Salty profit is performing what has been previously engineered and sticking to that plan. One follows the processes, checking off adherence along the way to produce the “unit” that reflects the customer’s requirements.

Sweet profit adds unit dollars without the need of spending the .90 cents to support it. It requires thought, attitude, discipline, and vision.

Salty profit makes the revenue but requires the .90 cents. It requires sweat and discipline.

Both mandate the understanding that everything a company spends money on is done so to support the profit target. That every spend is a part of the unit support. In the case of the paperclip, it would not be purchased or even allowed into the equation if someone didn’t think it would be needed.

So there is a reason for that single paperclip to exist on your desk. It was not purchased to be dropped on the floor, walked by, swept up, and thrown away. Support money was spent on it to use to build your company’s revenue product.

At 9 to 1, the value of that paper clip is multiplied by 10. The wasted excess raw materials multiplied by 10. Wasted payroll is multiplied by 10. Defective “finished” goods multiplied by 10. Return shipping, replacement shipping, inspect to verify defect, disposal costs, etc. all are multiplied by 10. Zero of their costs were figured into manufacturing budget lines, so their financial remedy: the bottom (profit) line. The very source of an employee’s pay raises enhanced benefits package, new tooling, etc.
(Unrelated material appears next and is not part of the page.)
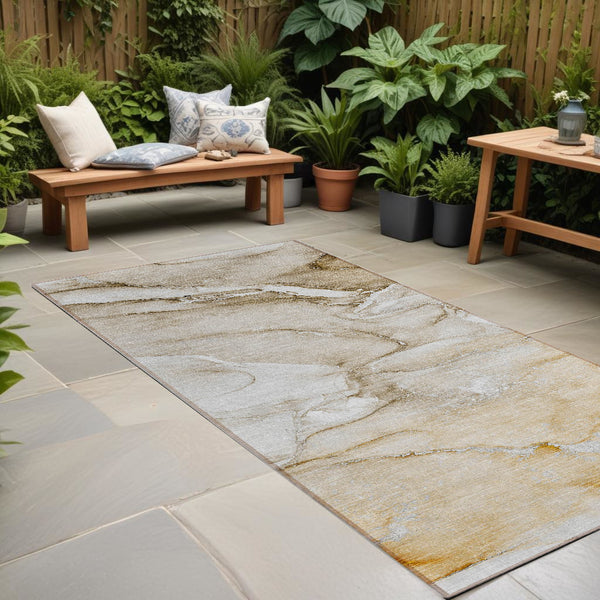 Homeroots 8' Runner Brown Abstract Washable Non Skid Indoor Outdoor Runner Rug Brown Polyester 560194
Now, the good news, just as you can decimate your profit line, you can use the same equation to expand it. Here’s the secret… you have to think! This is the “sweet” part. When you improve what is designed (process, efficiency, materials) you expand the profit line. And you did it without spending the 90%. So, if you add a dollar profit by thinking, you are doing so without expending the .90 cents to manually create the value. For every “sweet dollar”, you save $9 of realization costs. When an individual, team, or corporation improves over the design, profit is expanded geometrically.

Safety injuries that demand support from the profit line of $1,000, will cost the company $9,000 of wasted production. The $9,000 will be used to produce enough marketable products that will be sold for $10,000 where the 10% profit will be used to pay for the injury. No injury, the $9,000 was used as designed, profiting the $1,000.
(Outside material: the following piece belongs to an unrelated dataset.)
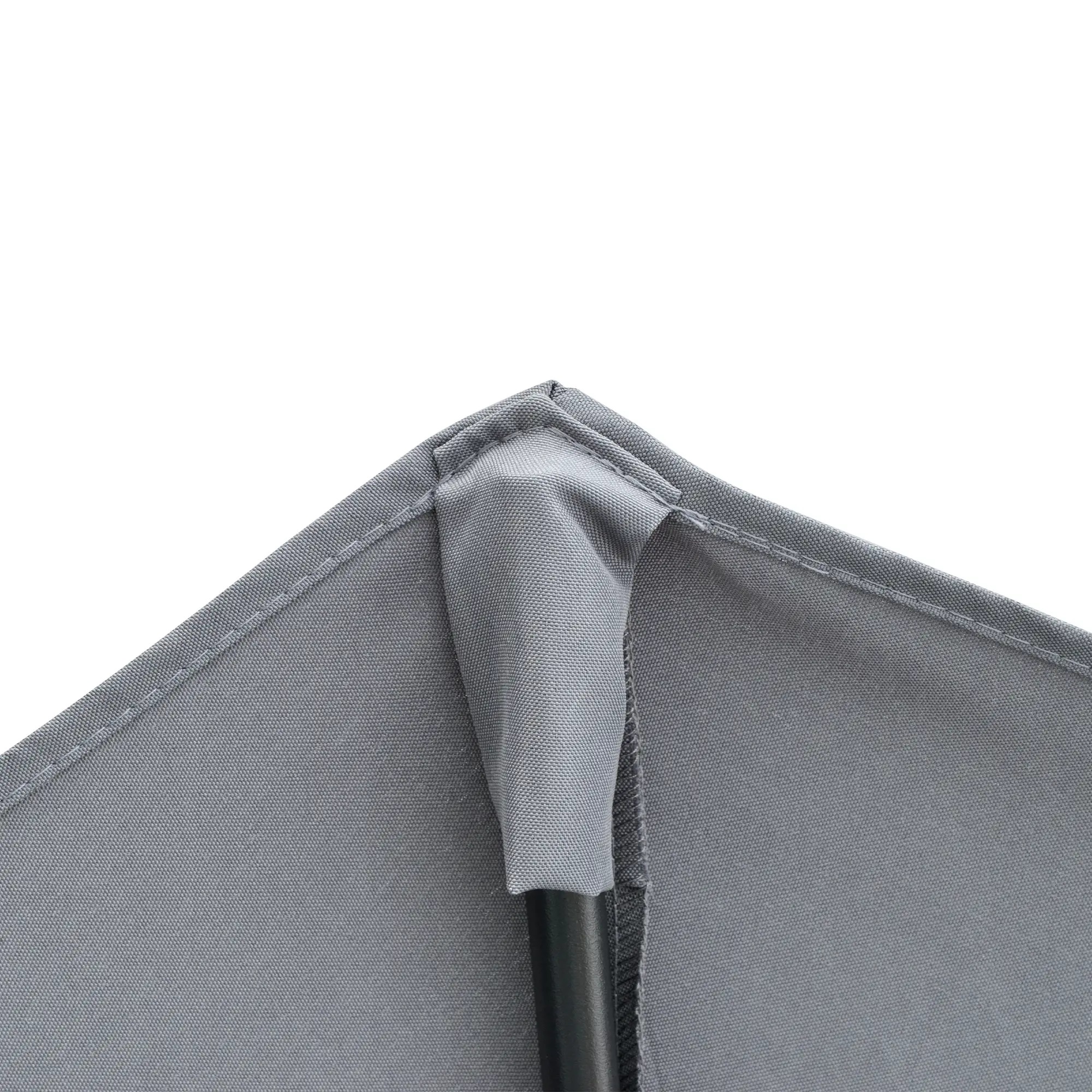 6.6 x 6ft Half Patio Umbrella, Double-Sided Canopy, Crank Handle, Grey - Image 9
Defective “finished” or “processed” material? Every dollar used to produce or procure it must be supported by the effort to replace it. The customer still wants their order. If you can do it correctly the first time, you will be forced to do it again until you do.

Let’s say your company manufactures industrial lights. Every light is sold for $3,000. The customer orders ten. They pay the $30,000 and the cost of delivery another $2,500. When the order arrives, the lights are found with a defect that renders them unusable. The customer complains and asks that you make another ten lights. Remember, there will be no profit in the make-up order. Its allowance is not in the manufacturing budget line, so its costs come from profit. You also have to pay for the return of the original order $2,500 and reship the make-up order, another $2,500.
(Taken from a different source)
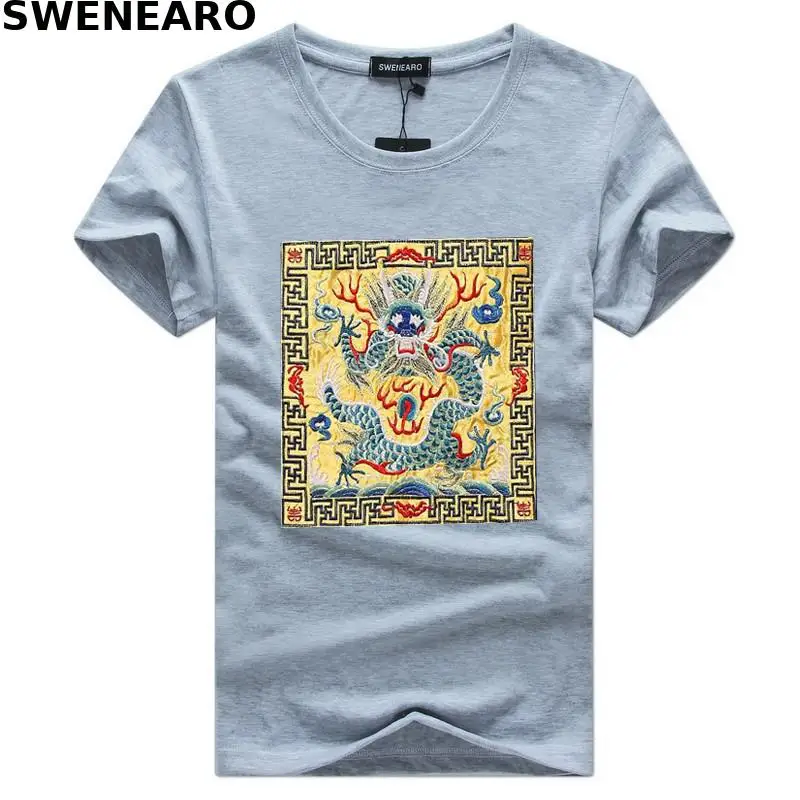 

SWENEARO new 2021 summer robe printed T-shirt men's casual O-neck short-sleeved brand T-shirt men's breathable T-shirt men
So, let’s put this on paper. 

  • At 10%, your company pays $27000 for the first round and $27000 for the makeup.  
  • You also have to pay for the return of $2500 and an additional $2500 to reship.  
  • So, your company has $59,000 invested in an order they received a $32,500 check for. 
  • You have lost $26,500 on this order. $26,500 that came from your bottom profit line.  
  • At 10 to 1, your company had to produce $265,000 worth of conforming, acceptable goods just to throw away the profit it would have produced.  
  • $26,500 less for raises, investment, improvement. The best way to reduce your expected and hoped-for pay raise is to screw something up. By disrespecting the value at your feet and in front of your eyes.

“Sweet profit” = money made without expenditure. Made through thought.

“Salty profit” = money made by exercising design. Made through sweat.

The next time you walk by a paperclip on the floor, don’t continue. Understand its value. That single paperclip is worth at least ten paperclips. Would you walk past ten paperclips?

PS: The 10 to 1 ratio is for companies earning 10% profit. If your company makes 5%, then every paperclip walked by is wasting 19 paperclips.